Aujourd’hui, la réalité virtuelle et les serious games intégrant cette technologie rendent accessible au grand public ces expériences simulées. Et, même si les cas d’usage restent aujourd’hui encore marginaux, encore vus comme une vitrine, c’est sans doute ce domaine qui offre les plus belles perspectives. À l’heure où le bouleversement des métiers, le besoin de s’adapter à de nouveaux environnements de travail va en grandissant, disposer d’un espace (virtuel ou non) pour apprendre en sécurité ne sera plus un luxe mais une nécessité.
Un des enjeux-clés des professionnels de la formation est de développer une pédagogie de la compétence.

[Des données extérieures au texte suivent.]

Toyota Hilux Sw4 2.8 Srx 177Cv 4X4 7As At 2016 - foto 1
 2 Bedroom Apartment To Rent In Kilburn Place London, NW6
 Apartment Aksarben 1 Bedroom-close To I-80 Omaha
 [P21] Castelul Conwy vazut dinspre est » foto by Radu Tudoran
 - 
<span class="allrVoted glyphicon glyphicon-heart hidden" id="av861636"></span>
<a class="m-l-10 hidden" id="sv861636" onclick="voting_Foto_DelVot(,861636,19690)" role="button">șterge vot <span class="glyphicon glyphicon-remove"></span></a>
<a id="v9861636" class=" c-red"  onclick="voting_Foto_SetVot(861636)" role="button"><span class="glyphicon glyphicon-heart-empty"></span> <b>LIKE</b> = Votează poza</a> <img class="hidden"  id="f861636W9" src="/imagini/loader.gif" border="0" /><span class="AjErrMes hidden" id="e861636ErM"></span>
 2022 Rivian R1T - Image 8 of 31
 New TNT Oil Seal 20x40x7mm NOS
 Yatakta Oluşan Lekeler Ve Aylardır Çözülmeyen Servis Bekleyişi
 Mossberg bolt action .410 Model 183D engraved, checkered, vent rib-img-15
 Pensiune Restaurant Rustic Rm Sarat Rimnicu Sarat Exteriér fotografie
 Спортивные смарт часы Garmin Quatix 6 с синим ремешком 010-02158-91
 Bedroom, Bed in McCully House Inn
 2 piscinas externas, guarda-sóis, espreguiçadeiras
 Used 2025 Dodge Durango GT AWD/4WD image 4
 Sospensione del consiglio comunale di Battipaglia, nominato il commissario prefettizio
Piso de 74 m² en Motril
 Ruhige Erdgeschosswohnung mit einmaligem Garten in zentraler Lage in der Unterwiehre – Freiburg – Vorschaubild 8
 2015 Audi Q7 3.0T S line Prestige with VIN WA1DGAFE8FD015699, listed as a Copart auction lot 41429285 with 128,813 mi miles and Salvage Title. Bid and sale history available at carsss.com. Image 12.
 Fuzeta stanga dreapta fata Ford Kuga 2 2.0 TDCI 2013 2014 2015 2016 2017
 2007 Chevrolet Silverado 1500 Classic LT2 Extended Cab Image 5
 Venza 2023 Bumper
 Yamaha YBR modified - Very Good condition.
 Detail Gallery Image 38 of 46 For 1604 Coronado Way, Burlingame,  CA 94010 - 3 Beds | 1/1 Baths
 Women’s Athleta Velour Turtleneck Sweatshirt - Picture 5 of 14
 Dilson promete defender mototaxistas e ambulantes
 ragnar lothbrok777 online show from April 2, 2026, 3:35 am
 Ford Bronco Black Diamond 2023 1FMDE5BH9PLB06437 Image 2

Faire accepter l’idée que développer des compétences est un processus complexe, une course de fond dans laquelle les organisations doivent s’engager concrètement. Il ne s’agit plus de chercher la solution miracle, mais bien de penser en amont des systèmes apprenants, d’en co-construire le design avec le terrain, de mailler des solutions, et de prendre la mesure du nécessaire besoin d’accompagnement humain associé, car faire d’une connaissance une compétence maîtrisée demande du temps, de la pugnacité, de la résilience et du courage à l’apprenant.
La formation ne peut plus se contenter d’être vue simplement comme une fonction connexe, décorrélée du business, elle doit s’imposer comme un système transverse au service des transformations.